Articles

So Let’s Get Specific: Impacts for Borrowers of the Ongoing Eurozone Crisis

Beginning in late 2011 and continuing into 2012, we are observing more and more difficulty for our US-based multinational clients rounding up funding flexibility. This stems from two main issues:

  • Eurozone financial institutions have significant difficulty committing to dollar-based funding
  • One effect of the foregoing:  US-based financial institutions rationing currency funding capability in order to maintain capacity

While it is one matter to read headlines trumpeting sovereign downgrades, French banks selling assets and globe-trotting to raise capital, and other big-picture issues, it is quite another for a long-time Eurozone relationship bank to pass on a routine renewal or extension of a credit facility in which it has participated for over a decade. And that last is precisely what more than a few US-based multinationals have experienced lately.

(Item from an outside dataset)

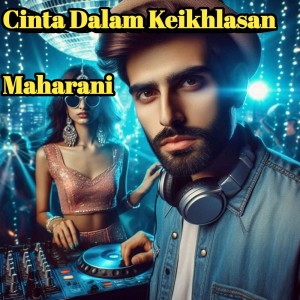 收听Maharani的Cinta Dalam Keikhlasan歌词歌曲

It is more than ever the time to quiz Eurozone providers about capital levels, commitment to “core” markets versus growth markets, and their willingness to continue to support US-based clients. Our experience shows that in fact some financial institutions are moving backwards a decade or so and requesting to undertake Euro-denominated bilateral agreements rather than participate in comprehensive revolving credits. While that may be a short term fix, it brings documentary confusion, proliferation, potential conflicts, and administrative burdens back to US borrower Treasury departments, at just the time most of them are leanest and do not have either the internal knowledge base or infrastructure (or both) to support these workarounds.